RECORDS FOR THIS EXERCISE:
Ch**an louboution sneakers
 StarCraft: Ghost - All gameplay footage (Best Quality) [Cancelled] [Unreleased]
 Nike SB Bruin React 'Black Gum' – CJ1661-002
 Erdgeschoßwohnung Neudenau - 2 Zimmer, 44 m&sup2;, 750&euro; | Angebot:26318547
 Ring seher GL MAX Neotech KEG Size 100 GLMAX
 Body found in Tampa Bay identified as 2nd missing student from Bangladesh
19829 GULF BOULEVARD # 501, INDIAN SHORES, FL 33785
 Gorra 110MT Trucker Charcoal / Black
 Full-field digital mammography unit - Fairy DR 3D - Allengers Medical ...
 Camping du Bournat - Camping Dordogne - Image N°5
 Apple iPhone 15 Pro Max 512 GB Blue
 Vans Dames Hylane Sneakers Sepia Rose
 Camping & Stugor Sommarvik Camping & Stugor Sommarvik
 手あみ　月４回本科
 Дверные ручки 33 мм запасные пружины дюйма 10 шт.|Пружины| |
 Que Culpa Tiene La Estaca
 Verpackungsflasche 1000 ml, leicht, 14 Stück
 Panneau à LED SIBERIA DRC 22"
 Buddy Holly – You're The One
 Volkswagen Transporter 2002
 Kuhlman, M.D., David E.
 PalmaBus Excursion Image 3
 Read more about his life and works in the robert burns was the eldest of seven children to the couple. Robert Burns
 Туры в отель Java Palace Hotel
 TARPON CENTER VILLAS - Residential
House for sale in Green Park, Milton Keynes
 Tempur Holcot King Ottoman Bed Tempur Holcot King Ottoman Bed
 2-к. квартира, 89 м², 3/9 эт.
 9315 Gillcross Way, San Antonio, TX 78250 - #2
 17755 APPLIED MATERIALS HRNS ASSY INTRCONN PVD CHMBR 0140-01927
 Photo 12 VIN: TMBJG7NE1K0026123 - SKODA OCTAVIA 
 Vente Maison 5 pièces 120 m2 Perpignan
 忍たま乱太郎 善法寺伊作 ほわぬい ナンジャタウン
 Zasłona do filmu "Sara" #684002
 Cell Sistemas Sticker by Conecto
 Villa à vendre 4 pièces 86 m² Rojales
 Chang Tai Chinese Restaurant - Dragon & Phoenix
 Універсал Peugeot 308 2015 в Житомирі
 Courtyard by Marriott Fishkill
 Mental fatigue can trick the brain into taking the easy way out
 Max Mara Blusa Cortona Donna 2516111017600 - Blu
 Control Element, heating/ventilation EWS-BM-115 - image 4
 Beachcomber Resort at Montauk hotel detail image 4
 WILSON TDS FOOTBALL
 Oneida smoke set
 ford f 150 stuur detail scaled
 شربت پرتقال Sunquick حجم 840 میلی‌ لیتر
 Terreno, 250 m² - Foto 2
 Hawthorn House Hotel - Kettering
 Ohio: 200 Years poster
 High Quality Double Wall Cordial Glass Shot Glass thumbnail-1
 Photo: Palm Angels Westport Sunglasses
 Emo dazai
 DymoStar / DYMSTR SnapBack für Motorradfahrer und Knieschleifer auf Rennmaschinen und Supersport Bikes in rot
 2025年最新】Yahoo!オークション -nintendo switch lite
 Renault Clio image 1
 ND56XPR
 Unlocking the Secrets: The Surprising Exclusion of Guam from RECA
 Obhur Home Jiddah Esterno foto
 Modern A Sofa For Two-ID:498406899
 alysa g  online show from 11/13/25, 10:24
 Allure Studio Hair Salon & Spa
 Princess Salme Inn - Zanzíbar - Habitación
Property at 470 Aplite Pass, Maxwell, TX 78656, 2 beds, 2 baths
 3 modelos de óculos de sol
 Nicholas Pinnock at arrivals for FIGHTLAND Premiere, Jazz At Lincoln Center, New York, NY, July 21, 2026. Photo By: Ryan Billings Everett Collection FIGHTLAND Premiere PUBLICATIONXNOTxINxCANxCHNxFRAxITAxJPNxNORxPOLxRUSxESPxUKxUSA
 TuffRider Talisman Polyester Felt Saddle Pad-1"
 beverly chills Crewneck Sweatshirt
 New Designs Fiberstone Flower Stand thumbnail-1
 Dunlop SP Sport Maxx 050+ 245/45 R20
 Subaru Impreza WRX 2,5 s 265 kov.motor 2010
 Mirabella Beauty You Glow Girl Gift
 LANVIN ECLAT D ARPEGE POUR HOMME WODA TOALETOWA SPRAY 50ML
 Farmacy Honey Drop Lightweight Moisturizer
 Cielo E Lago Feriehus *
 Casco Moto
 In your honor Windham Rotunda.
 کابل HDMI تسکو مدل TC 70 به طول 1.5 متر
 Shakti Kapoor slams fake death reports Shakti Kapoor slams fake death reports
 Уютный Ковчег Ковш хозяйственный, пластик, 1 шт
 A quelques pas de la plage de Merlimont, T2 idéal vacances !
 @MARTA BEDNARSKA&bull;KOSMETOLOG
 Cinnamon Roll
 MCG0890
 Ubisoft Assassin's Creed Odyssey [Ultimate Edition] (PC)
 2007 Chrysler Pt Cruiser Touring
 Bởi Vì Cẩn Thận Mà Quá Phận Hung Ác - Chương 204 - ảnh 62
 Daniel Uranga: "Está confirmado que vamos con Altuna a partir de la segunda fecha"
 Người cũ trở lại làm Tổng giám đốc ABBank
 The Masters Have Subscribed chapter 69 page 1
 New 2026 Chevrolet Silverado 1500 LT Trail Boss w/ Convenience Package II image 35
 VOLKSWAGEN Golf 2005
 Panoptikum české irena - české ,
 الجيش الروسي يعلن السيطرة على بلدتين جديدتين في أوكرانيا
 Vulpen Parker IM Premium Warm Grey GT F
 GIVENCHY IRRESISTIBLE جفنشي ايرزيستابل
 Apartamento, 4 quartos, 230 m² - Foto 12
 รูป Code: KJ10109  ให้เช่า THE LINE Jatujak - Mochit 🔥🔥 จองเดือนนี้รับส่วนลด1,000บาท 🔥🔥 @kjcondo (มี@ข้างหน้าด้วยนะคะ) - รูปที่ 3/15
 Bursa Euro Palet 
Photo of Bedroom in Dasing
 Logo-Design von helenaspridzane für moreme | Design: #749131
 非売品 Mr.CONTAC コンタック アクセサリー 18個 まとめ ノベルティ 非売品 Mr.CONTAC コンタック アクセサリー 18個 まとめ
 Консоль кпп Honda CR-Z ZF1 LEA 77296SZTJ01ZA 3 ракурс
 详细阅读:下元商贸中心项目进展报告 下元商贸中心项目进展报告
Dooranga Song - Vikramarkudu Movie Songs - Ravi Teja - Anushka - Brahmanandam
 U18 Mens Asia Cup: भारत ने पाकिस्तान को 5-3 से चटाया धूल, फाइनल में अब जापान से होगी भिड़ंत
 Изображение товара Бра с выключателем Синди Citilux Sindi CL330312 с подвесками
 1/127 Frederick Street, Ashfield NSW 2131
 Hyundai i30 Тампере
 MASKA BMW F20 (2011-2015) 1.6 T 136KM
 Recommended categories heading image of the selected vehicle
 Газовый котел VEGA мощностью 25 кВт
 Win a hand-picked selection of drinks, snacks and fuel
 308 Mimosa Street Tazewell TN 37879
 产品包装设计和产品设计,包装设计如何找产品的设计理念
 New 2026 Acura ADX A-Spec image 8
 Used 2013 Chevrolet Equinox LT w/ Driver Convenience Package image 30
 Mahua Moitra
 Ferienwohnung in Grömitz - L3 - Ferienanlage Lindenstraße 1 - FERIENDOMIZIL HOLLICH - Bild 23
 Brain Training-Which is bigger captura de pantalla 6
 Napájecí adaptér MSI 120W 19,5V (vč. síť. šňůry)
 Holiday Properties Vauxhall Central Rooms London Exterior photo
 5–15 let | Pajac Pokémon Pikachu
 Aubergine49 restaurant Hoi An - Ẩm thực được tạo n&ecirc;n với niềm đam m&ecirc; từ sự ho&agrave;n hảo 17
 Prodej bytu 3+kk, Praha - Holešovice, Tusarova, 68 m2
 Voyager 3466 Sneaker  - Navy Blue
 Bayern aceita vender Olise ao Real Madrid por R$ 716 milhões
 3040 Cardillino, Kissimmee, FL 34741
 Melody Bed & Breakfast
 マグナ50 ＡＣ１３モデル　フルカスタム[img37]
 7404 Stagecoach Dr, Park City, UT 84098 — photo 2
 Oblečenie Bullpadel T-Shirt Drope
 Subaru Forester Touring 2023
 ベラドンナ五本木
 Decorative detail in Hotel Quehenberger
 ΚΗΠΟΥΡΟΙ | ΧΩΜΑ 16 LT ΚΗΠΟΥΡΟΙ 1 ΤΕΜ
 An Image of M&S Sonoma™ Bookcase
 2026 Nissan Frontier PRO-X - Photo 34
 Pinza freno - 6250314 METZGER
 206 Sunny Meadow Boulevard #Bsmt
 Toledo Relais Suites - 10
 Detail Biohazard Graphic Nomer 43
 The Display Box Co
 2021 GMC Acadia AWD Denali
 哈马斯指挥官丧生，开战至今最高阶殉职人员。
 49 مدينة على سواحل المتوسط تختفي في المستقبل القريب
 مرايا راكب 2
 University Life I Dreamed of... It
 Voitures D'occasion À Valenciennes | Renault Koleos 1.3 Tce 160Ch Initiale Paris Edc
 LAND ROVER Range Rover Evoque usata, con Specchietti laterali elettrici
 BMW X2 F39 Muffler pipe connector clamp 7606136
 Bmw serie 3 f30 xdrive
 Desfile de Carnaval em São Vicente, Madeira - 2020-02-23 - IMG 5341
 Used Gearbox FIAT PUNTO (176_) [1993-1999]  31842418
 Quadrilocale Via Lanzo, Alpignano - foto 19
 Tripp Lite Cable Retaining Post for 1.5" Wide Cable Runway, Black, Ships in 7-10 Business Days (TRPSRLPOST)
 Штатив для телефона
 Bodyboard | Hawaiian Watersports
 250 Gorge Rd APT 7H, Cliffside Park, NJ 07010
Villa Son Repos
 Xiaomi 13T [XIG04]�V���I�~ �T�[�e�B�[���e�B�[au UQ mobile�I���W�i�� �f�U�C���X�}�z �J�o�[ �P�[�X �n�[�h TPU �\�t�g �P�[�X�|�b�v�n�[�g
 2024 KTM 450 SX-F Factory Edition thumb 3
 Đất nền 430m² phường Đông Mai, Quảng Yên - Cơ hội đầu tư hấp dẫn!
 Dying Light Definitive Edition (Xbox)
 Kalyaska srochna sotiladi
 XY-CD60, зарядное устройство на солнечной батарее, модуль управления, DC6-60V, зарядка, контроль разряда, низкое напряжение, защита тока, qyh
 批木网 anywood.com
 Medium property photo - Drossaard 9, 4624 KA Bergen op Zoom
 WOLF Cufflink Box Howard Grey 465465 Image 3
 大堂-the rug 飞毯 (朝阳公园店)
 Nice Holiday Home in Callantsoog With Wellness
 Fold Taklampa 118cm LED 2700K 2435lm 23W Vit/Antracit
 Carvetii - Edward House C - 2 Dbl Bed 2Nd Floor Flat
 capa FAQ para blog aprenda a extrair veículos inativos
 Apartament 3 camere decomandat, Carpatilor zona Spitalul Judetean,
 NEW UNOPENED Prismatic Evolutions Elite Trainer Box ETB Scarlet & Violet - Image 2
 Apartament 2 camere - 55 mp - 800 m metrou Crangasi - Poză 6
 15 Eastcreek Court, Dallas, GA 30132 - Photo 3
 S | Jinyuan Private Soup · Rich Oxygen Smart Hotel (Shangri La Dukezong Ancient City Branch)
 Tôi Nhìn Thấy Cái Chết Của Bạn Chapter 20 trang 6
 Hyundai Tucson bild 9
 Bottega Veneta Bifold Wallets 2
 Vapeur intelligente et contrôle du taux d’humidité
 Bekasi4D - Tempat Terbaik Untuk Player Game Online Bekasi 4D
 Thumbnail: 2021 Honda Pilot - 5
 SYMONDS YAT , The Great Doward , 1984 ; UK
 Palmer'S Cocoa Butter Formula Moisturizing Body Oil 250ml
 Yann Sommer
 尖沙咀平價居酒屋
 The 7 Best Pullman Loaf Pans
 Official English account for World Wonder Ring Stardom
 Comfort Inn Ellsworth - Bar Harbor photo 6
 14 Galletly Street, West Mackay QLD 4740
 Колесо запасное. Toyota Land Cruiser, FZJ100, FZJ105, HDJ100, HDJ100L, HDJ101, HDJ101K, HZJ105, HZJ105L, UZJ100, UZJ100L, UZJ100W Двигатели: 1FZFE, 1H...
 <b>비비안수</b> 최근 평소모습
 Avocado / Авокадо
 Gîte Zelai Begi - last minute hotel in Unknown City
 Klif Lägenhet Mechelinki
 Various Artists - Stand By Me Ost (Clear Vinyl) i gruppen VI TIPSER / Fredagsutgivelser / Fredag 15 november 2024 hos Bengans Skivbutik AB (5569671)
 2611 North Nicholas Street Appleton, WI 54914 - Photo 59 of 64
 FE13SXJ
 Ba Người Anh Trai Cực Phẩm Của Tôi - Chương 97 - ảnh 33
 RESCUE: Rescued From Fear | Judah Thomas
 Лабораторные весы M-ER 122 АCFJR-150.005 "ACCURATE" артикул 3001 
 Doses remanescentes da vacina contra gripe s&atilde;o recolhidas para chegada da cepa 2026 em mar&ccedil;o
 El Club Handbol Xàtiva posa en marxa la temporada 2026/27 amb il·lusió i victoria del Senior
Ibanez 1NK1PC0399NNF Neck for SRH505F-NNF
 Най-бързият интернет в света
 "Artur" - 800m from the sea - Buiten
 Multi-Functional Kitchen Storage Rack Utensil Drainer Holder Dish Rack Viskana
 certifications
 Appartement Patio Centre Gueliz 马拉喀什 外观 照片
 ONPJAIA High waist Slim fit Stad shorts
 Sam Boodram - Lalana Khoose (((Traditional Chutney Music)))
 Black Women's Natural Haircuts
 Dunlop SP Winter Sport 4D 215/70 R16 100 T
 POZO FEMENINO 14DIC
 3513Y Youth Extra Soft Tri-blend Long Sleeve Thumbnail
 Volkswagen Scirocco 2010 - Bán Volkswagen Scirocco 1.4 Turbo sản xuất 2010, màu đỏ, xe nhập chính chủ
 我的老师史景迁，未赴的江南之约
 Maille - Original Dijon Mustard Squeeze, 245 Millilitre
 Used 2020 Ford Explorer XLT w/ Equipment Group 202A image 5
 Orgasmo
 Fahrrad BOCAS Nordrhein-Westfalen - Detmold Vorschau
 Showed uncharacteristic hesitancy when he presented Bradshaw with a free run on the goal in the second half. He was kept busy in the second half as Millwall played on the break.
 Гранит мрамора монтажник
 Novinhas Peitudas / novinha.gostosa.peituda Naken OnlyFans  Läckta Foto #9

TO DO:
From the records above, extract exactly and only the lines that begin at the line with "The Masters Have" and stop after the line with "U18 Mens Asia".

SOLUTION FOR THIS TASK:
 The Masters Have Subscribed chapter 69 page 1
 New 2026 Chevrolet Silverado 1500 LT Trail Boss w/ Convenience Package II image 35
 VOLKSWAGEN Golf 2005
 Panoptikum české irena - české ,
 الجيش الروسي يعلن السيطرة على بلدتين جديدتين في أوكرانيا
 Vulpen Parker IM Premium Warm Grey GT F
 GIVENCHY IRRESISTIBLE جفنشي ايرزيستابل
 Apartamento, 4 quartos, 230 m² - Foto 12
 รูป Code: KJ10109  ให้เช่า THE LINE Jatujak - Mochit 🔥🔥 จองเดือนนี้รับส่วนลด1,000บาท 🔥🔥 @kjcondo (มี@ข้างหน้าด้วยนะคะ) - รูปที่ 3/15
 Bursa Euro Palet 
Photo of Bedroom in Dasing
 Logo-Design von helenaspridzane für moreme | Design: #749131
 非売品 Mr.CONTAC コンタック アクセサリー 18個 まとめ ノベルティ 非売品 Mr.CONTAC コンタック アクセサリー 18個 まとめ
 Консоль кпп Honda CR-Z ZF1 LEA 77296SZTJ01ZA 3 ракурс
 详细阅读:下元商贸中心项目进展报告 下元商贸中心项目进展报告
Dooranga Song - Vikramarkudu Movie Songs - Ravi Teja - Anushka - Brahmanandam
 U18 Mens Asia Cup: भारत ने पाकिस्तान को 5-3 से चटाया धूल, फाइनल में अब जापान से होगी भिड़ंत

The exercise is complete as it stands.